Pero no, no ahondaré en la tristeza o perjuicios que el 9 de marzo de 1967 trajo a mi familia la muerte de nuestro padre. Jamás lo haré. Además, este es un blog de cosas que me gustan, de situaciones con las que disfruto y donde cabe la gente que en mi dejaron, dejan o dejarán huella. Así sí, es aquí cuando entra mi padre por la puerta grande, por la puerta de los dulces recuerdos. Y además, se lo debo.
En muy pocas ocasiones he hablado de mi padre. Escasamente lo conocí. Apenas unos pocos recuerdos y sensaciones pero suficientes como para sentir lo que pude representar en su vida y el poso que dejó en mí. De él sé por mis hermanos y hermanas, quienes además, junto a mi madre, a su manera y entender, intentaron suplir la enorme ausencia que dejó entre nosotros. De él sé por quienes fueron sus amigos y por aquellos pacientes que aún hoy me cuentan que todavía mantienen en su boca la pieza dental que mi padre "salvó" o de la prótesis dental que colocó y que está como el primer día. Los unos y los otros han ido forjando en estos largo años ya, la imagen que tengo de mi padre: un buen profesional, un gran hombre, un hombre bueno, cariñoso y familiar, generoso y entregado, entrañable, recto, con carácter, afable, buen cocinero, sensible... No lo digo yo.

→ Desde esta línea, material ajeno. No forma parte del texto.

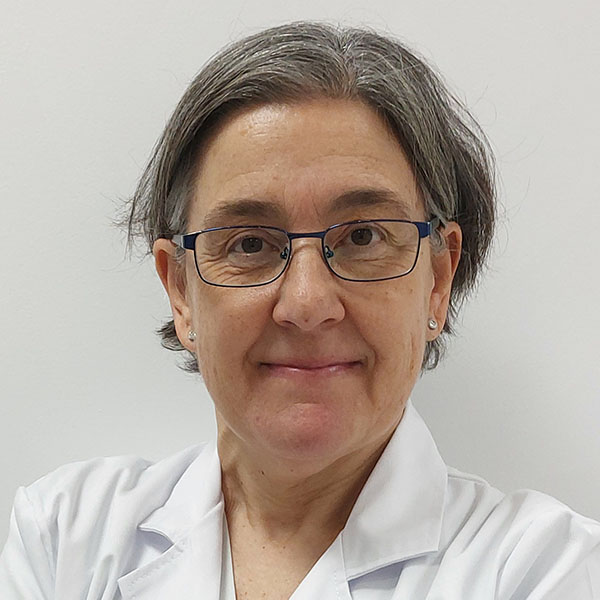 Dra Esther Fernández medicina deportiva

Me lo han contado y yo lo escribo, aunque de alguno de esos calificativos también yo doy buena fe a través de ese rincón escondido y selectivo de mi memoria.

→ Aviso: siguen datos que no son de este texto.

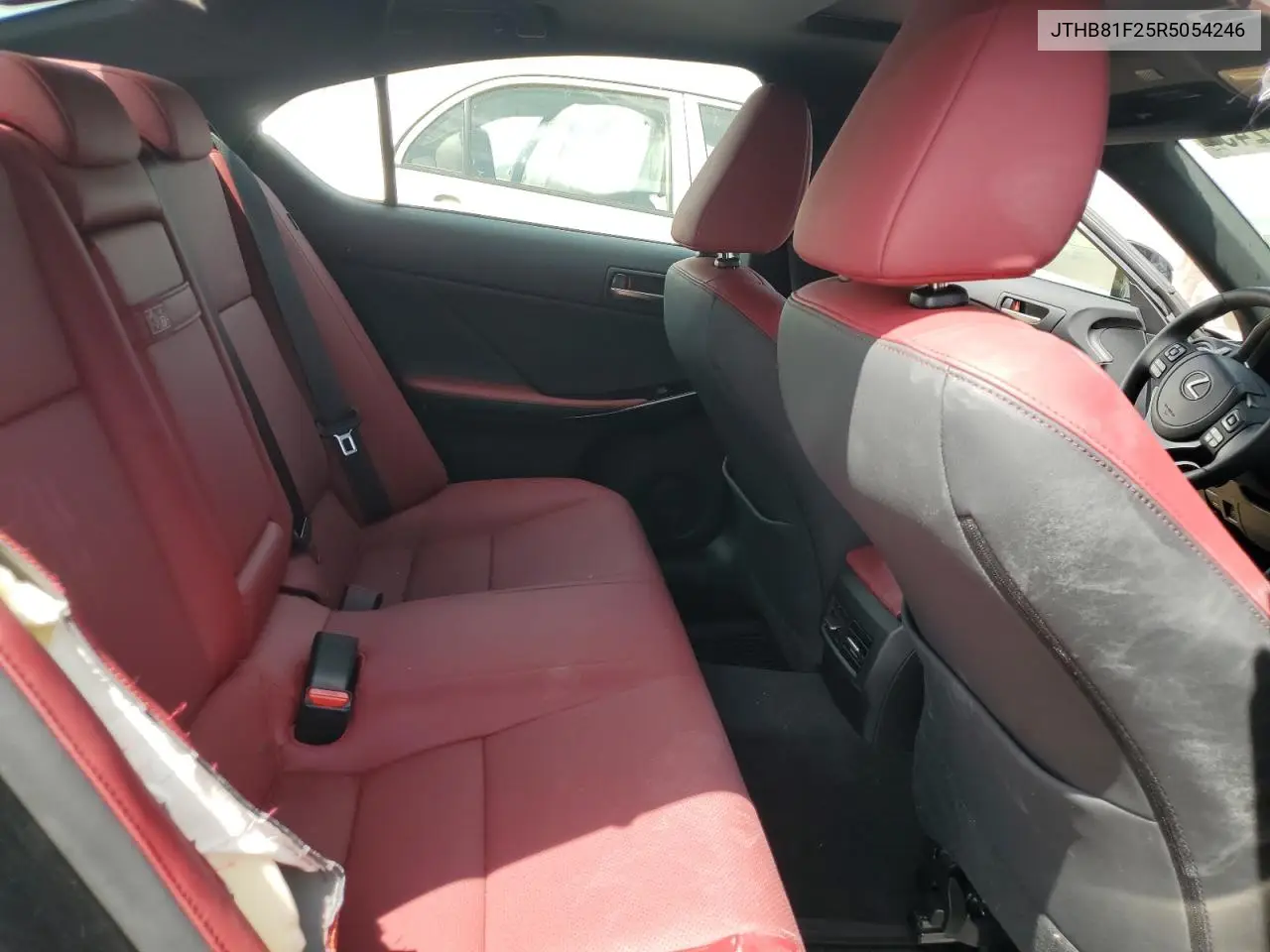 2024 Lexus Is 300 VIN: JTHB81F25R5054246 Lot: 51677245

Todavía lo puedo ver con su bata blanca apresurándose por el pasillo de casa dirección hacia la cocina para trastear algún suculento puchero, elaborar unos buñuelos o cocinar unas perdices. Siento aún en mis nalgas las largas horas de coche, en un Citroen 2 caballos, para visitar a mi hermana Gemma en Pontevedra. Mil kilómetros de los de antes. Salida el día 9 de agosto con retorno el día 15 por la noche para que el más pequeño de sus retoños pudiera vestirse de blanco y verde y disfrutar en las ferias. O las subidas a Sabiñánigo, también de las de antes y con todos y cada uno de los túneles del Monrepós, los jueves por la tarde a pasar consulta. Pero lo que más recuerdo de él son sus manos. Unas manos fuertes, seguras y firmes y que al contacto con mi piel se tornaban suaves y delicadas. Cuando llegaba a casa del colegio le gustaba acariciarme la espalda mientras me preguntaba por cómo había pasado la tarde. Todavía puedo sentir la sensación que en mí producía, y llegado el caso, si había amistades en casa, enorgullecerse con mi presencia. Recuerdo que le decía a mi madre, "Engracia, a este crío hay que ponerle un peso en la cabeza para que no crezca, para que se quede siempre así".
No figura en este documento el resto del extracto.